Billionaire funds projects aimed at injecting upper atmosphere with sulphur particles
Paul Joseph Watson
Monday, February 6, 2012
Microsoft founder Bill Gates continues to pour millions of dollars into high-risk geoengineering projects that purport to offer a solution to global warming yet have been savaged by environmentalists as potentially posing a greater threat than climate change itself.
“Concern is now growing that the small but influential group of scientists, and their backers, may have a disproportionate effect on major decisions about geoengineering research and policy,” reports the London Guardian, quoting critics who allege that Gates’ funding has enabled geoengineering advocates to “dominate the deliberations of the UN’s Intergovernmental Panel on Climate Change.”
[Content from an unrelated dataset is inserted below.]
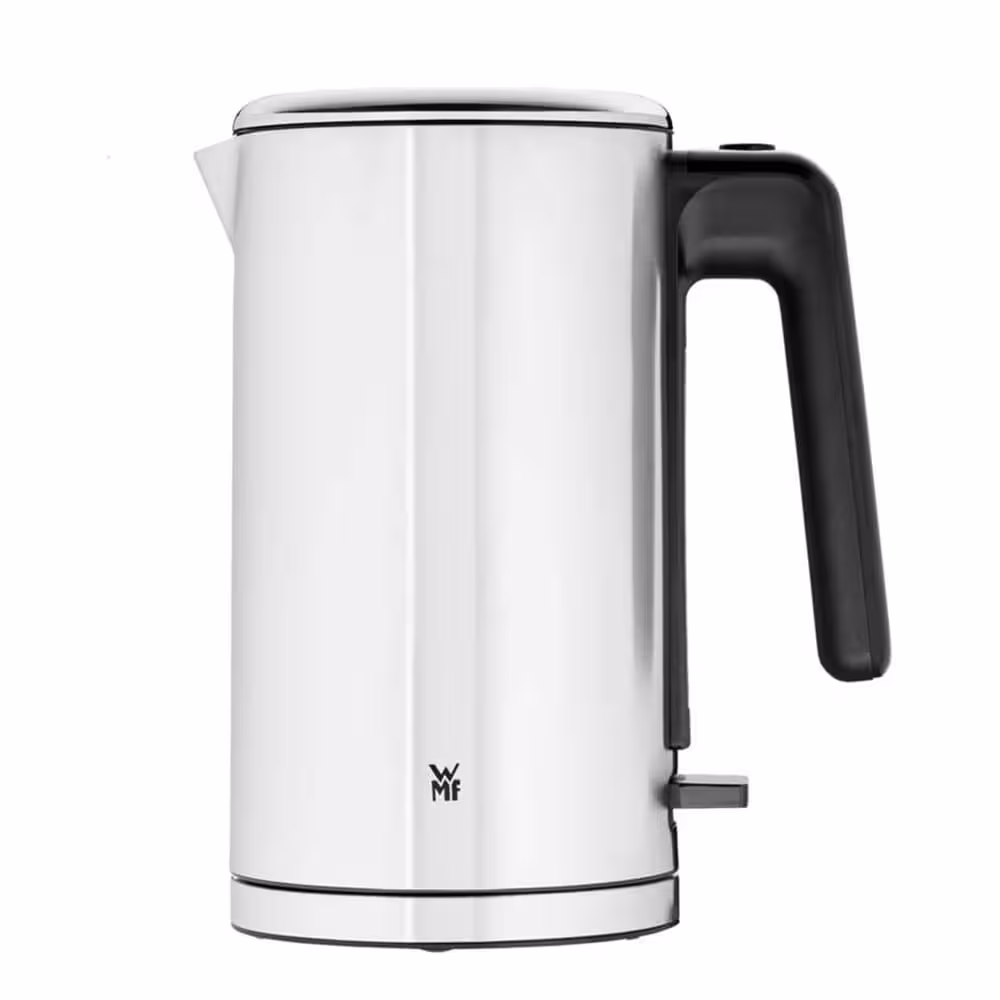 کتری برقی دبلیو ام اف مدل WMF Lono Double Walled Kettle 1.6 L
In 2010, Gates was criticized for ploughing $300,000 dollars into a sea trial of cloud-whitening technology which involved spraying clouds with microscopic particles in an effort to make them reflect more sunlight, an experiment dubbed “dangerous” by environmental campaigners.
The report reveals that Gates has backed Professors David Keith, of Harvard University, and Ken Caldeira of Stanford, to the tune of $4.6 million dollars to fund studies based around the premise of injecting sulphur particles into the upper atmosphere designed to reflect sunlight.
As we have previously documented, experiments similar to Caldeira’s proposal are already being carried out by U.S. government -backed scientists, such as those at the U.S. Department of Energy’s (DOE) Savannah River National Laboratory in Aiken, S.C, who in 2009 began conducting studies which involved shooting huge amounts of particulate matter, in this case “porous-walled glass microspheres,” into the stratosphere.
Exposure to sulphur has been linked to innumerable physical and neurological diseases, including reproductive failure, behavioral changes, damage to the immune system, as well as liver, heart and stomach disorders.
Even pro-geoengineering scientist Mark Watson, admits that injecting sulphur into the atmosphere could lead to “acid rain, ozone depletion or weather pattern disruption.”
Rutgers University meteorologist Alan Robock also, “created computer simulations indicating that sulfate clouds could potentially weaken the Asian and African summer monsoons, reducing rain that irrigates the food crops of billions of people.”